夜明け前に、少し前に眠りに入った褐色の医師の枕元に感謝の手紙を書き置き、世話になった、とひと言告げる。
すると、眠っていたと思われていた医師は身体を起こし、何処へ行く気かと寝ぼけ眼で問う。その質問に男の子は、多くの獣人の住む場所へ向かうつもりであると返す。
ならば、と褐色の医師は一枚の紙を取り出すとそれにサインを綴り男の子に手渡す。この場所から東に向かった場所にある、多くの獣人が暮らす黒の都への紹介状であった。
曰く、今の黒の国は殺気立っており、人間と見れば如何に些細な事であっても、粗相を起こせば惨たらしく殺してしまうといい、この間はたまたま訪れた人間の商人の売る商品がやや高いという事に腹を立て、問答無用で百叩きの末に晒し首にしてしまった、と。
受けた言葉をそのままに想像した男の子は、あまりの凶行に背筋が冷えるよりも先に、燃え盛る憎しみに身を委ねて暴れ狂う自分の姿を思い返し、それを重ね強い憤りを覚えた。
彼の憤りの源泉はほかでもない、自分の中から沸き出るものだった。狂った獣のようにすべてを殺戮で解決するのではない、本当に為すべきは何かを導き出すことを目的とする。

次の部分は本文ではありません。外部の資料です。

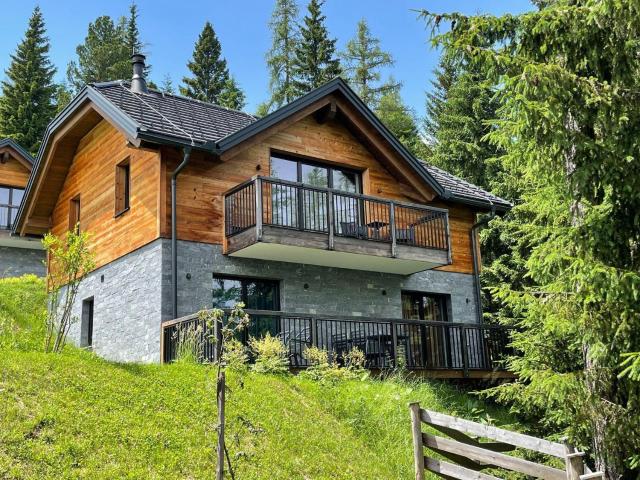 Tomtegl-Bergchalet-No-7-mit-Privatsauna-Infinitypool-Kamin-Fitnessraum-1500m-Seehoehe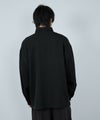 URBAN COLLECTION ラクウールルーズシャツ メンズ商品サムネイル-9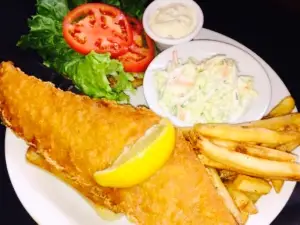 Niagara American Grill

自分の目的、帝都に蔓延る病に苦しむ民を救いたいという願望。それを叶えるために混血の魔女の力を借りるための試煉。赤と黒の国の戦争を終結させること。
そのための手掛かりの片側。赤の実情を知った男の子は、まだもう片方の黒の実情を知らない。双方の内情を思案し、倒すべき目標を目指す必要がある。
強い決意と共に褐色の医師に膝を折り、深い感謝の念込めて礼をすると、彼は今度こそキャンプ場を後にし、東を目指した。